Climate Change and Land Policies

For immediate release
Contact: Anthony Flint 617-503-2116

       CAMBRIDGE, Mass. (May 11, 2011) -- Developing policies that will keep climate change in check has become a global priority, as increasing greenhouse gas emissions contribute to extreme weather patterns. If these emissions remain unabated, changes in global temperatures, sea level rise, and other environmental impacts will have huge implications for human settlement and economic activities.
             The Lincoln Institute of Land Policy’s 2010 annual Land Policy Conference provided a forum for international scholars and policy makers to discuss topics including how energy and climate change policies affect land resource allocation and land use planning; relationships among urban form, transportation, and CO2 emissions; market-based approaches to environmental conservation; and the ability of governments at all levels to deal with climate change and land management.

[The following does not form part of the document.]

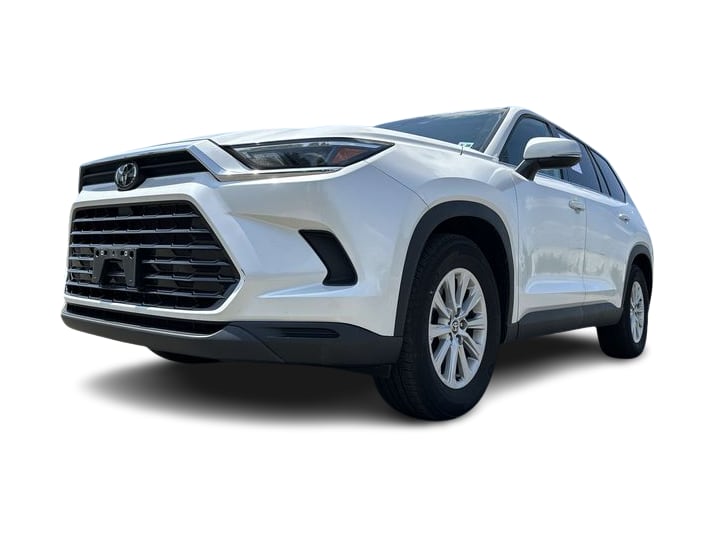 Thumbnail: 2024 Toyota Grand Highlander - 21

             The recently published volume Climate Change and Land Policies includes chapters and commentaries summarizing the presentations and discussions at the conference. Five key insights on the relationships between land policies and climate change can be drawn from the three-day gathering:
        -- Predicting climate change impacts in general, and the effects on land use in particular, is fraught with uncertainty and complications. 
         -- Renewable energy policy is bound to affect land use.
         -- In designing urban form and transportation policy to reduce automobile use and fuel consumption, population density is not the only factor to consider.
         -- Payment for environmental services seems to be a promising approach, yet its success will depend on transaction costs of valuing the services, negotiation, and enforcement.
         -- Finally, the environmental initiatives of different countries, international aid agencies, and global environmental interest groups need to be better coordinated to achieve the desired outcomes of collective climate change policy. Strong leadership is most critical.
         Climate Change and Land Policies, which is available as an eBook on Amazon Kindle, is the fifth compilation of papers, presentations, and commentaries based on the annual Land Policy Conference. The others are Land Policies and Their Outcomes (2007), Fiscal Decentralization and Land Policies (2008), Property Rights and Land Policies (2009), and Municipal Revenues and Land Policies (2010).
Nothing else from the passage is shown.